* **Exercise directions**:
Among the lines below, the one containing "CYBERTEL - Kit" opens the range and the one containing "Menu, Stardust Bar + Kitchen" closes it. Print that range exactly, without the pictures.

* **Input records**:
"""

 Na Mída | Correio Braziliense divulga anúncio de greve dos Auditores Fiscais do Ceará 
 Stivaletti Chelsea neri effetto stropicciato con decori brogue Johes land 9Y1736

"""
"""

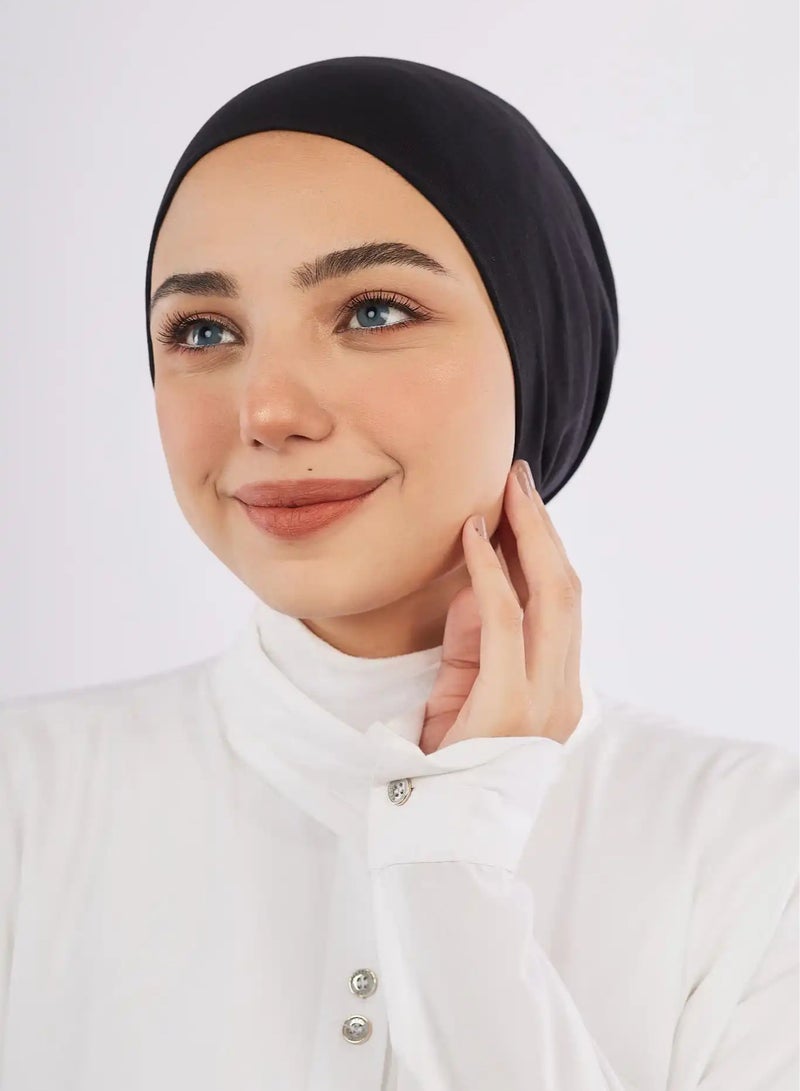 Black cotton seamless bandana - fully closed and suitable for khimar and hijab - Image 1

"""
"""

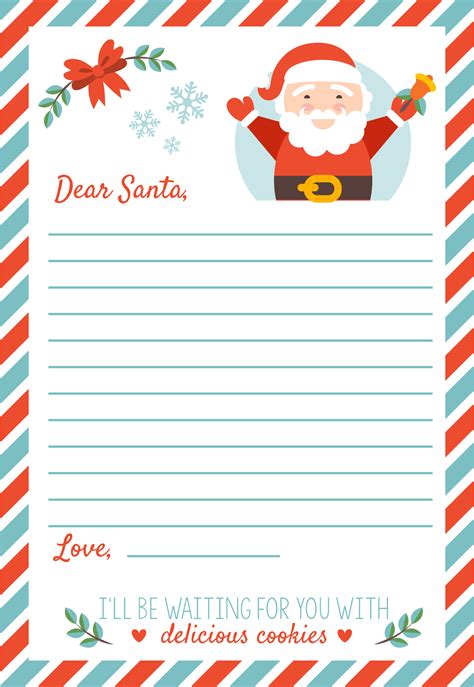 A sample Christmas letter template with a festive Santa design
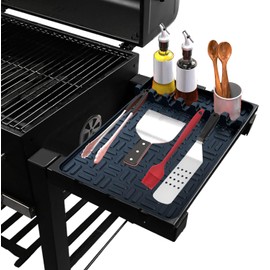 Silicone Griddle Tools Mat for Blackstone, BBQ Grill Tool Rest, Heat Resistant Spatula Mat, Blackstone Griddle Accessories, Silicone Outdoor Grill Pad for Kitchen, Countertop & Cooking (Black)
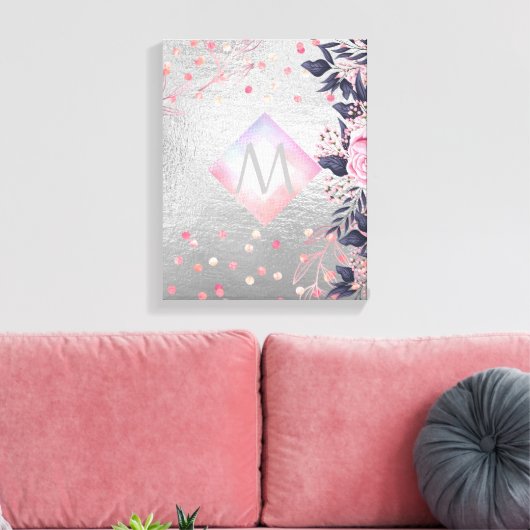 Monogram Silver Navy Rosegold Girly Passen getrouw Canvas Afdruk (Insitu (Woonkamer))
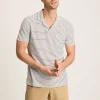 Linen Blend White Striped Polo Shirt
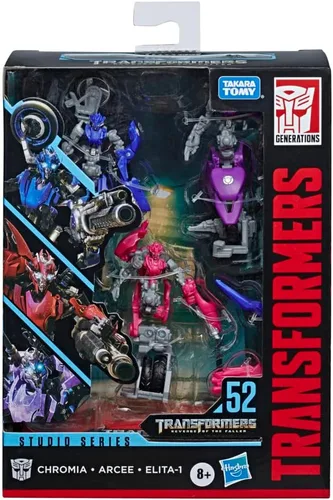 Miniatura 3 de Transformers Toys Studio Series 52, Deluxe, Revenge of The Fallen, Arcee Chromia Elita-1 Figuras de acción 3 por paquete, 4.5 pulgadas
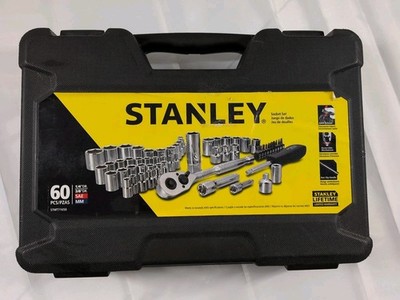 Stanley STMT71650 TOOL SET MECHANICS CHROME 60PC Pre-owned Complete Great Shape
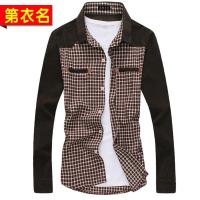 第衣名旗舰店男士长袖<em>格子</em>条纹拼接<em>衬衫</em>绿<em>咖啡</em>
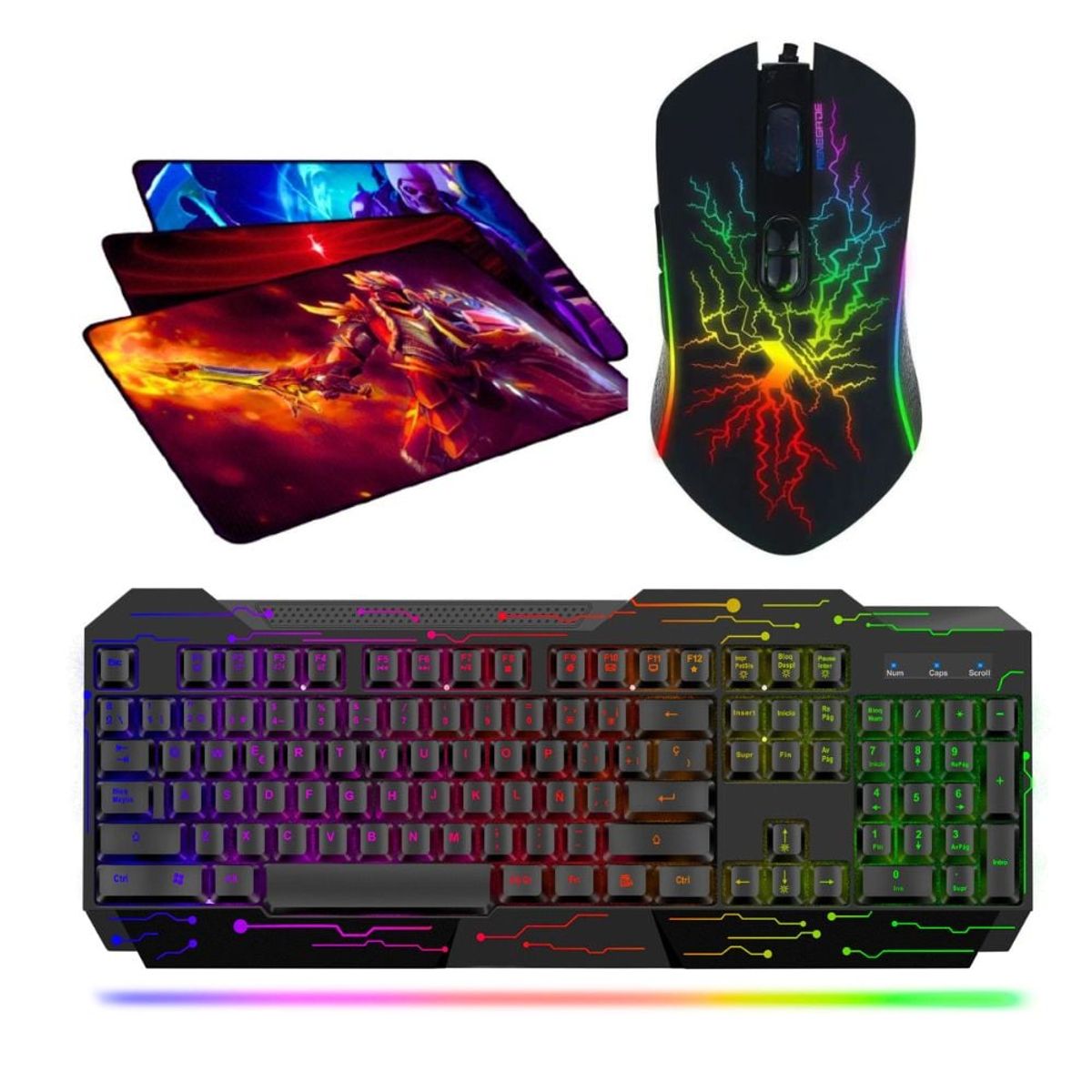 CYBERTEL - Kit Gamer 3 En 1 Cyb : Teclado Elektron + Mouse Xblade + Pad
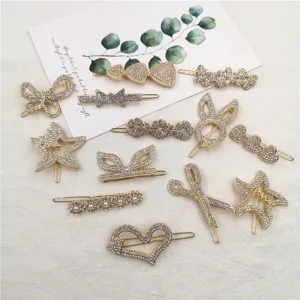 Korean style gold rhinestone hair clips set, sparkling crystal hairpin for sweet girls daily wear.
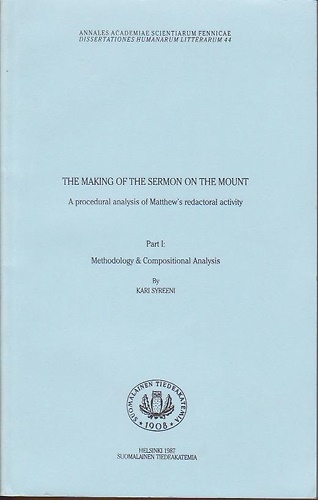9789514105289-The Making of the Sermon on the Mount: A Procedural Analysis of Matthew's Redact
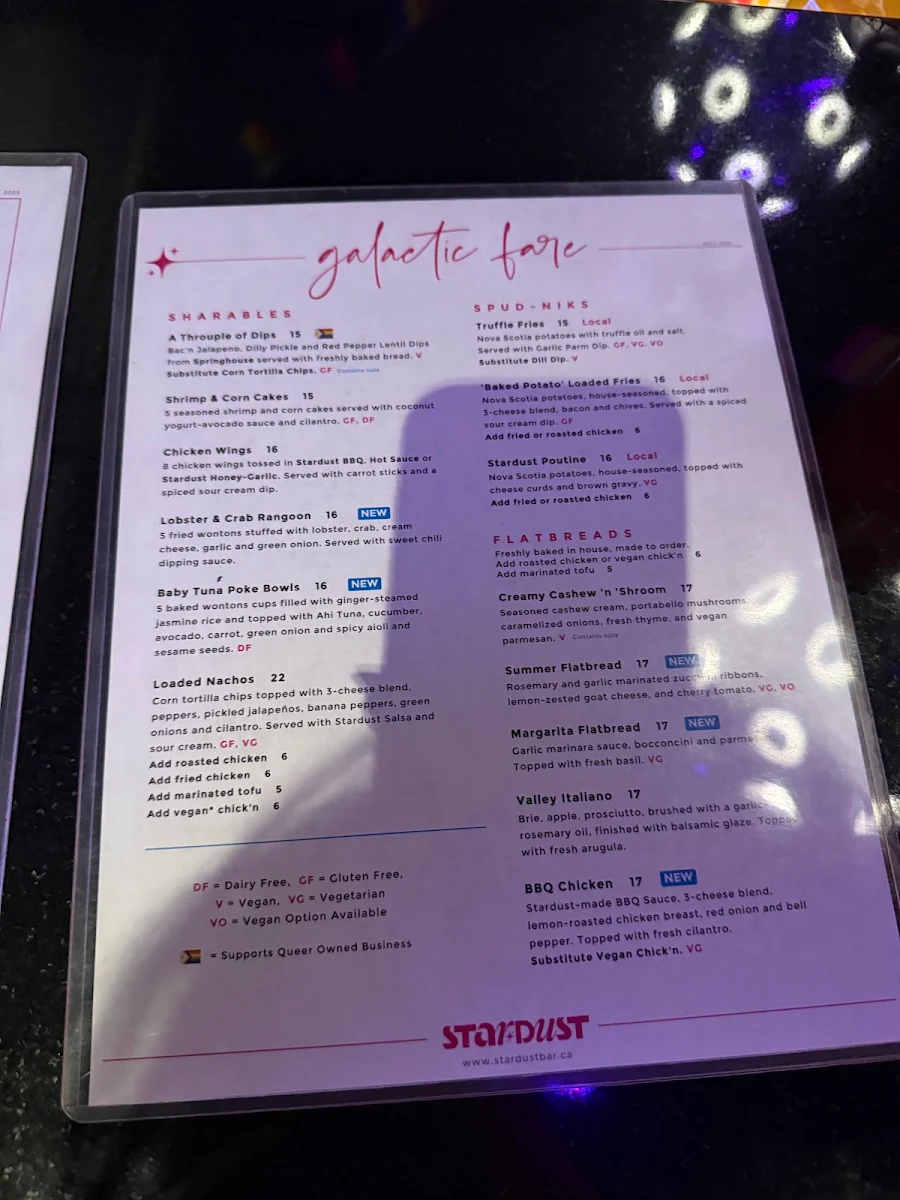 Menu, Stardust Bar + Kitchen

"""

* **Exercise output**:
 CYBERTEL - Kit Gamer 3 En 1 Cyb : Teclado Elektron + Mouse Xblade + Pad
 Korean style gold rhinestone hair clips set, sparkling crystal hairpin for sweet girls daily wear.
9789514105289-The Making of the Sermon on the Mount: A Procedural Analysis of Matthew's Redact
 Menu, Stardust Bar + Kitchen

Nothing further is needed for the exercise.